What you are asked to do | Only the lines from the beginning of the material below through the line with "How can I access" should be retyped exactly, and pictures are to be skipped.

Raw data |
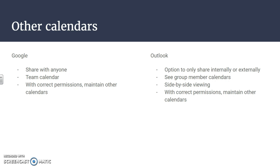You can see other group members' calendars. You can have a side-by-side viewing, so if you've created multiple calendars you can pull up those calendars side-by-side, and then also you can maintain other calendars like Google as long as you have the correct sharing permissions.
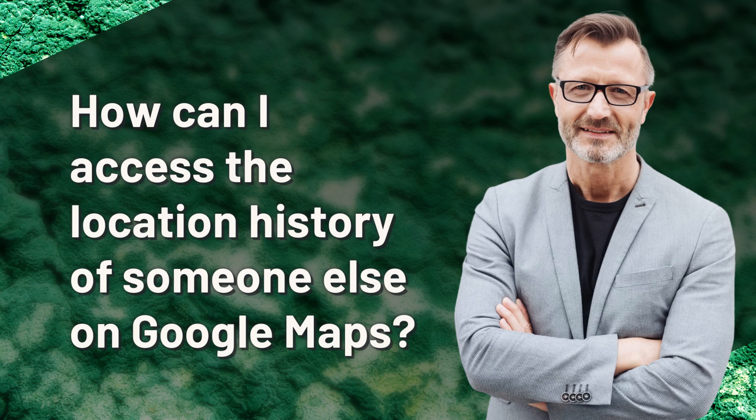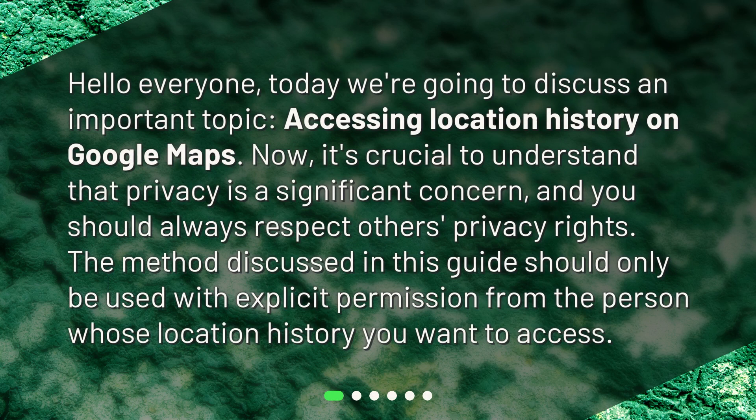How can I access the location history of someone else on Google Maps? Hello everyone. Today we're going to discuss an important topic: accessing location history on Google Maps. It's crucial to understand that privacy is a significant concern and you should always respect others' privacy rights. The method discussed in this guide should only be used with explicit permission from the person whose location history you want to access.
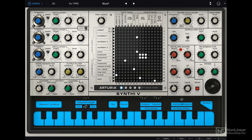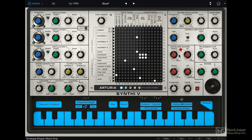Lastly, the red dials all relate to envelope controls. You can see here we have four controls that affect the envelope shaper, and all of them are labeled red. If you can try to memorize these different color coding options, it will be a lot easier to work with the Synthy V.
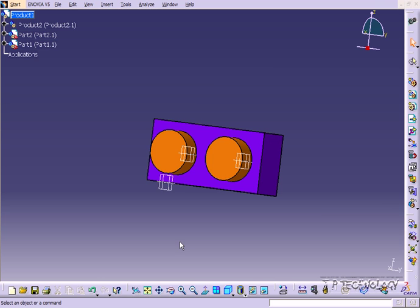This is tutorial number 95 and it covers the part body within CATIA V5. To start off, open tutorial part number 6C which is located on the DVD.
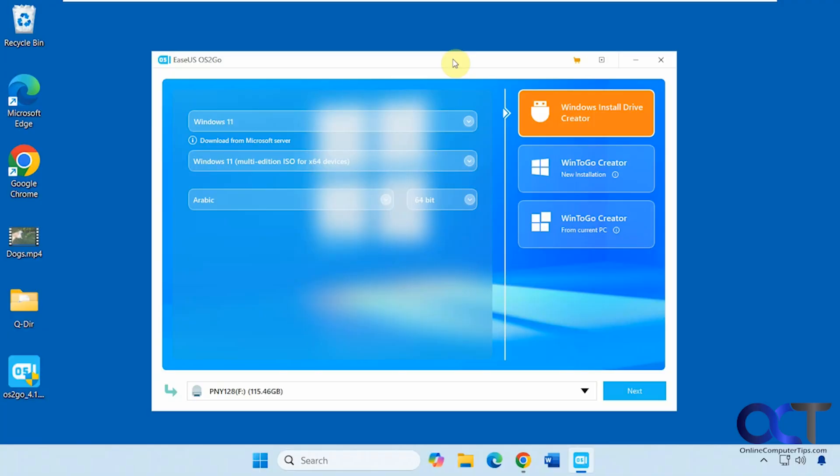Hi, in this video we're going to show you another method you can use to create your Windows installation flash drive. Lots of people use the Media Creator tool from the Microsoft website, and a lot of people also like to use other third-party tools such as Rufus.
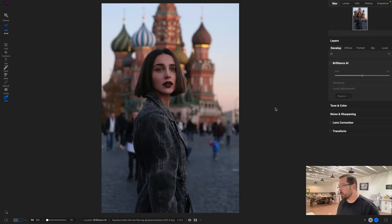Hey everyone, Dan here again. Today I want to show you a little bit more about Brilliance AI. In the previous video I showed you what Brilliance AI was, today I want to recap that and talk a little bit more specifically about the local adjustments and how those work.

Exercise response |
You can see other group members' calendars. You can have a side-by-side viewing, so if you've created multiple calendars you can pull up those calendars side-by-side, and then also you can maintain other calendars like Google as long as you have the correct sharing permissions.
How can I access the location history of someone else on Google Maps? Hello everyone. Today we're going to discuss an important topic: accessing location history on Google Maps. It's crucial to understand that privacy is a significant concern and you should always respect others' privacy rights. The method discussed in this guide should only be used with explicit permission from the person whose location history you want to access.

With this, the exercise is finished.